Thanks for continuing to share your thoughts and experiences with us. Good luck with the book.
This is such a positive perspective on the whole situation. I’ve seen you reply to so many asks on Tumblr in which you’re helping to reinforce others when they’re doing well or giving them hope and resources when they need some help. In that vein, I just want to say that I’m glad you guys were able to take so many good things from such a crap situation. That’s a really hard thing to do. And I’m so happy that you’ll be getting your home back to the way you love it. That’s really good news.
Hooray a post! I’ve subscribed to your RSS feed for forever, it feels like, so I always see your posts. Currently trying to figure out how to educate myself from the, hoping to figure it out soon, because while I get news there that I don’t get anywhere else, it has turned into a complete cesspit.
I’m really excited for your novel! Can’t wait for more news about it. Congratulations on finishing the manuscript!
My thoughts, in generally chronological order:
1 – Wait, WordPress has a ‘like’ widget????? wtf?
2 – Yes, people can still find your stuff, although, to be fair, I found it whilst Googling “‘Will Wheaton’ Twitter” to read about Twitter’s Infowars fallout
3 – Did you post a link on Mastodon? I follow you there, but not on counter.social because I get some serious weird vibes from my initial research into Jester so, no…
4 – on a related note, I see you have an inactive account on Mastodon.social (don’t we all?) and a main one on Mastodon.cloud, but the account on Mastodon.technology – is that you? I fear it may be an imposter…?
As far as I can remember, the only mastodon accounts I have are at .cloud and CounterSocial.
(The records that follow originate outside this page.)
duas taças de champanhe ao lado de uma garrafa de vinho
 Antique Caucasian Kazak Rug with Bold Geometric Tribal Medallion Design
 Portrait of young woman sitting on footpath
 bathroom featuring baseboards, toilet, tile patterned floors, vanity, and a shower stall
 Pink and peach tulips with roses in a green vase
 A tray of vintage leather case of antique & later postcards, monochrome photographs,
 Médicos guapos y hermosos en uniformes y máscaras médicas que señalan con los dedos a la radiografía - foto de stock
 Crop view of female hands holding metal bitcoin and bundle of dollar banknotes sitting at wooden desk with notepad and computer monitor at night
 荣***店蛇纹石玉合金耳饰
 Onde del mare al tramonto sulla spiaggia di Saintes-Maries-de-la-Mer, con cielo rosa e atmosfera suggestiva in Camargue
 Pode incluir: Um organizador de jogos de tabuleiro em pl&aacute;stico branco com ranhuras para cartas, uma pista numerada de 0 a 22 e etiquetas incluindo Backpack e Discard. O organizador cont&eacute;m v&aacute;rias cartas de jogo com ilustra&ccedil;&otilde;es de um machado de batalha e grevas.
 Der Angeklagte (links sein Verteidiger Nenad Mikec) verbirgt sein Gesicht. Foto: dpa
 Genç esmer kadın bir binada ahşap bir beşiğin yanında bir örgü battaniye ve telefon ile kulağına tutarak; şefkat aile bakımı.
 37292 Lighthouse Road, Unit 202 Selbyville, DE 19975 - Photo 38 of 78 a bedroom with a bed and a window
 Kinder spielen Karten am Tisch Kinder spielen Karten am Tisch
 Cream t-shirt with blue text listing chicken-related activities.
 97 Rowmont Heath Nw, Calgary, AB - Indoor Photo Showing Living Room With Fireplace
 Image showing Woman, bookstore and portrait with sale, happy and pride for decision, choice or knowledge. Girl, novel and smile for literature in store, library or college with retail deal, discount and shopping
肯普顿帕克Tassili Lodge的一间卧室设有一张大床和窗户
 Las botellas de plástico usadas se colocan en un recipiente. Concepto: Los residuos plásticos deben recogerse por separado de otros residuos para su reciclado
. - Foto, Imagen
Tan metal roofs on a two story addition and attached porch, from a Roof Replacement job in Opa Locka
I don’t recall setting up accounts on any other instances.
I love this post. Thank you, Wil. I love your honest exploration of the rhythm of your life this summer–the surprising bad, the unexpected good, the surly bites mixed with the sweet charms, then the ultimate respect and gratitude for life, just as it is. You also truthfully captured the ebb and flow of any creative endeavor–purposeful inspiration gathering, creative simmering, then bubbling stew of creative deliciousness–for sharing! Best wishes for the rest of the summer to you, too.
And, you’re so right, dogs definitely do have a keen sense of human goodness and kindness.
Another Feedly user here. I hope your kitchen is back to normal soon. I miss when you used to post food pics on Instagram, lol.
Excited for you and your new book, always grateful for reminders about being thankful, and grateful for sharing your life with us in a way that feels comfortable for you!
woohoo for perspective! It’s something that my there has been working with me lately, and it always helps to see others who share similar mh issues also navigate how to see past the vicisitudes of life. Can’t wait to read the novel!
I get e-mail notifications for your blog posts, abd mostly just skim Twitter, so…you do you, and hope you get the peace of mind you’re seeking 🙂
I’ve started using Feedly and subscribing to newsletters. Twitter is too noisy. Take care of yourself and your needs!
I’m listening. (I feel like I ought to quote Ros from Monsters Inc. – always watching, Wazowski…)
Off the Twitters for a bit then? I understand. I walked away from Facebook in 2008. Jesus, that was a decade ago.
I do social media on a very limited basis here in China. It’s not my bag. WeChat. I don’t like this stuff.
I like tuna. But you can’t get decent tuna here.
Also, Swen Nater.
Stay with us here at WWDN. We’re all well-adjusted and smell nice.